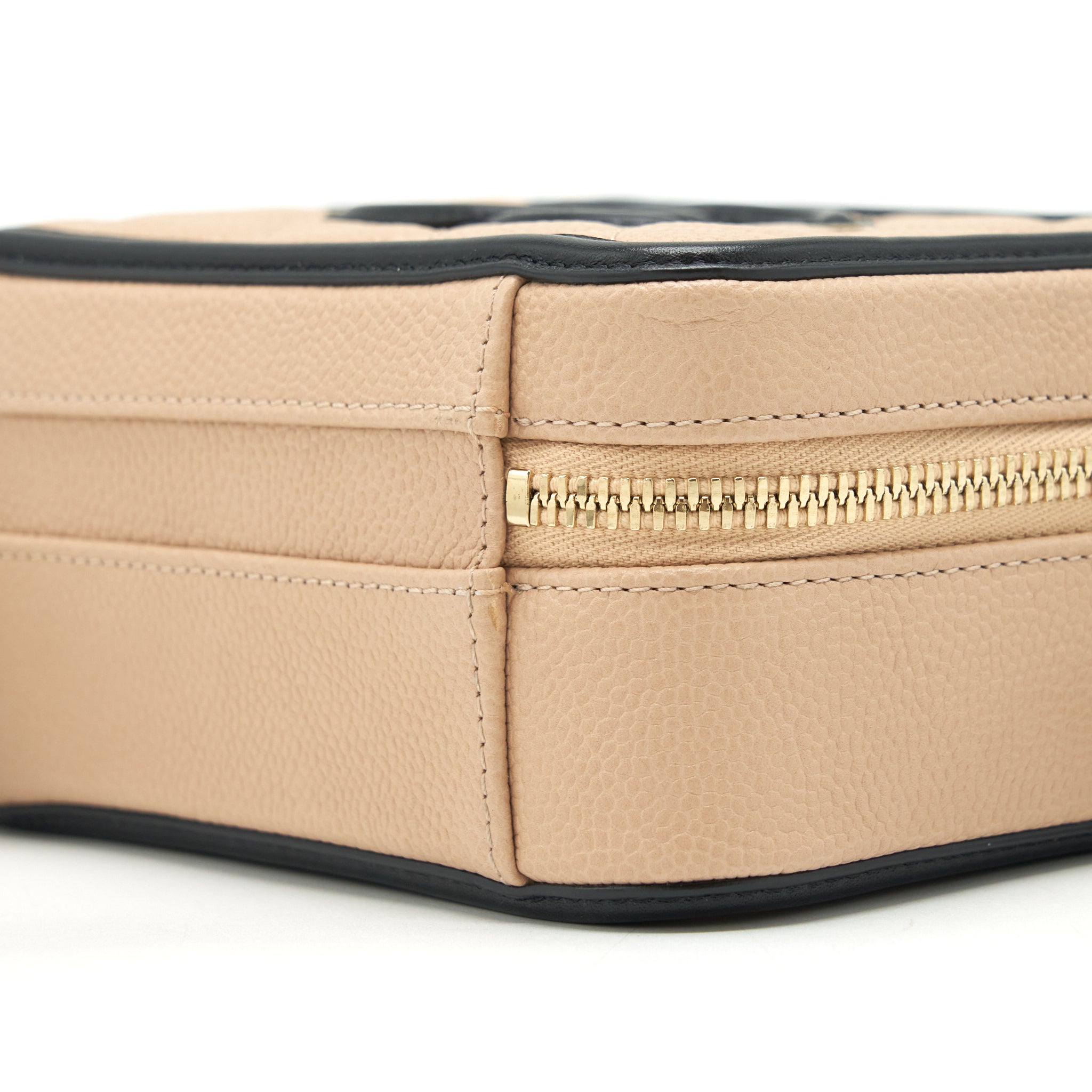 Chanel Mini Vanity Filigree Caviar Beige / Black L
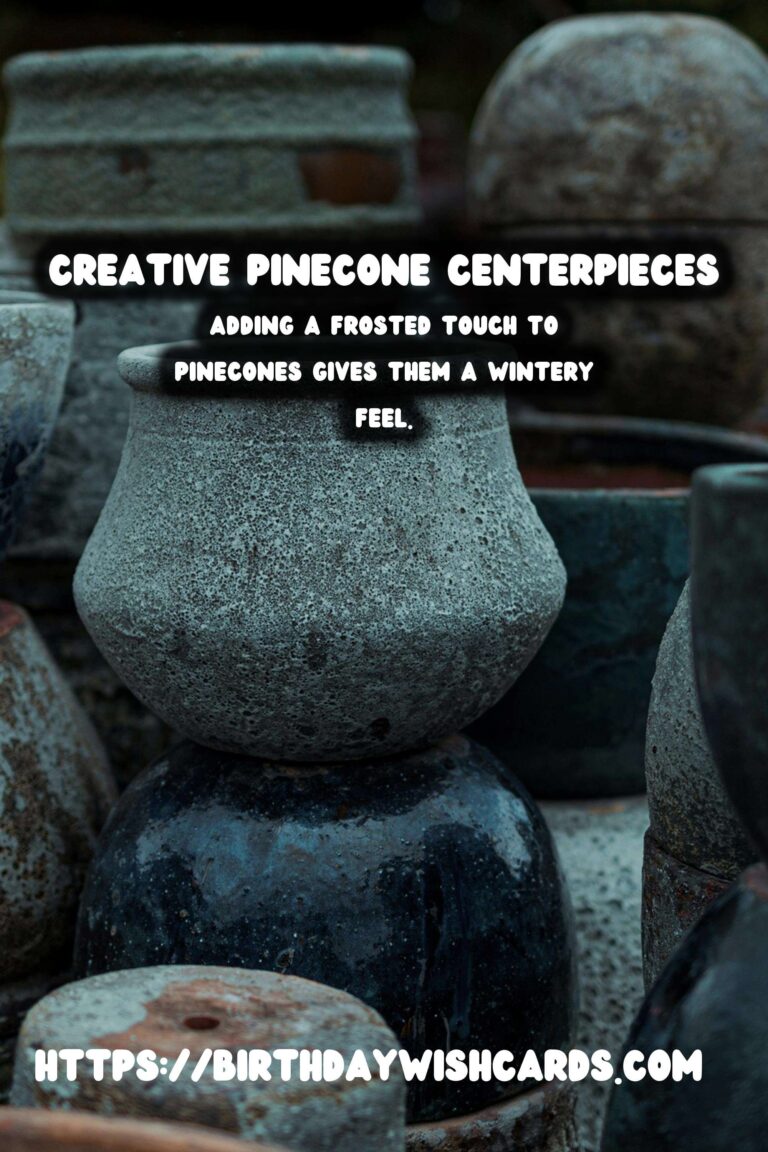 Enhance Your Winter Decor with Stunning Pinecone Centerpieces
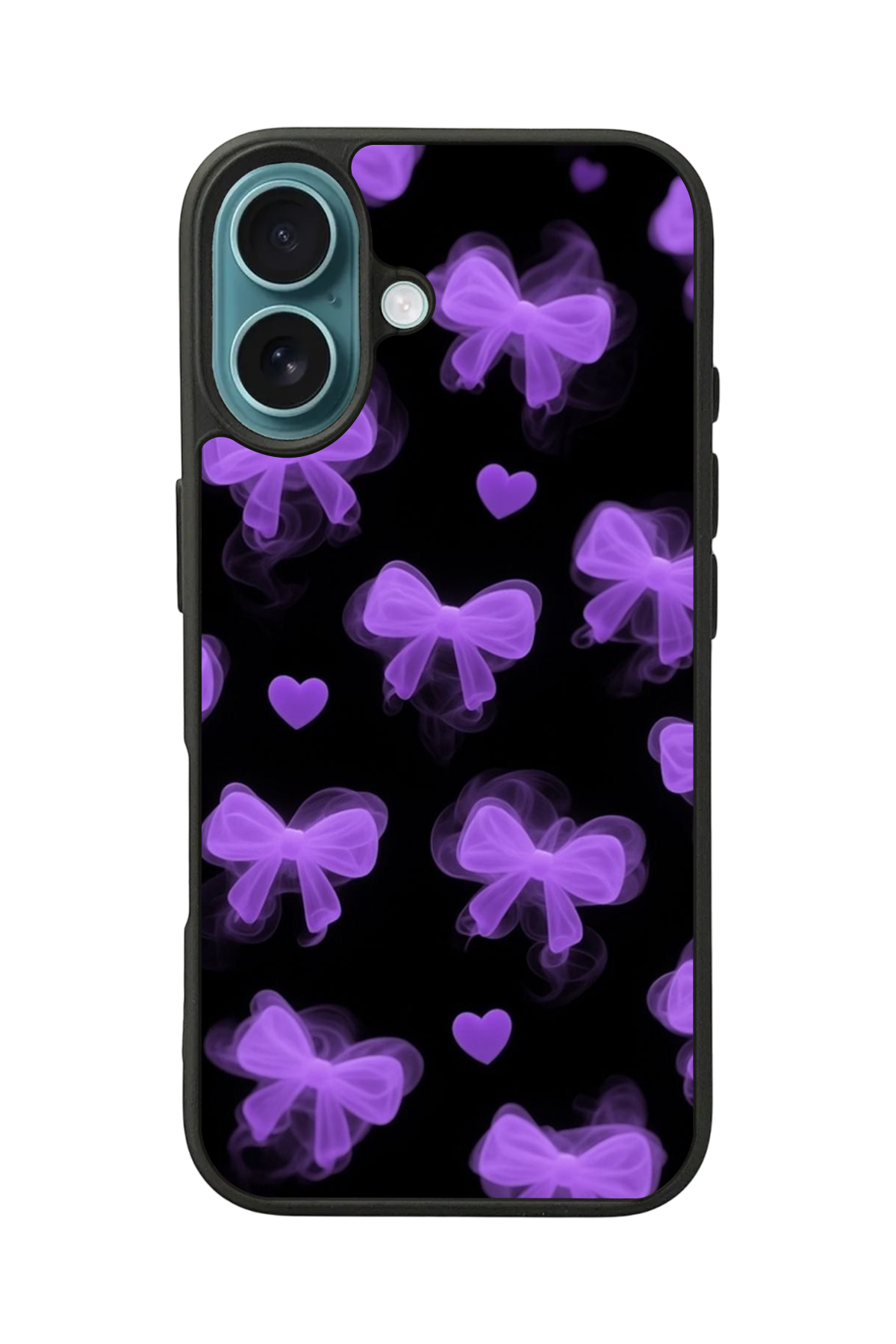 iPhone 16 Uyumlu Kurdele Tasarımlı Glossy Premium Kılıf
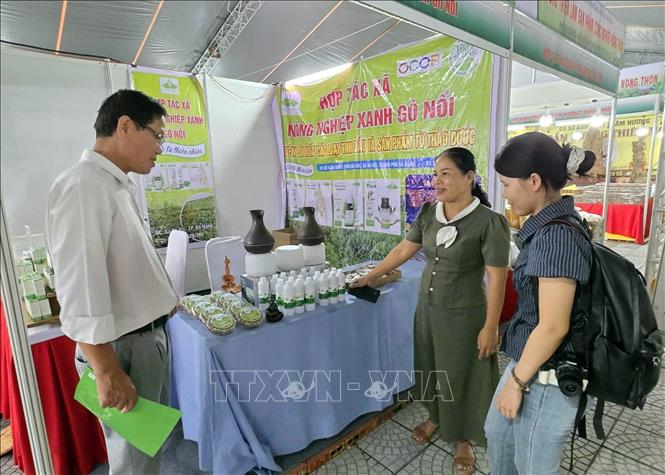 Khách tham quan mua sắm tại hội chợ. Ảnh: Trần Lê Lâm - TTXVN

──────────

# WHAT YOU ARE ASKED TO DO:
Please set down the lines above word for word and leave out the pictures.

# RESULT FOR THIS TASK:
 Chanel Mini Vanity Filigree Caviar Beige / Black L
 Enhance Your Winter Decor with Stunning Pinecone Centerpieces
 iPhone 16 Uyumlu Kurdele Tasarımlı Glossy Premium Kılıf
 Khách tham quan mua sắm tại hội chợ. Ảnh: Trần Lê Lâm - TTXVN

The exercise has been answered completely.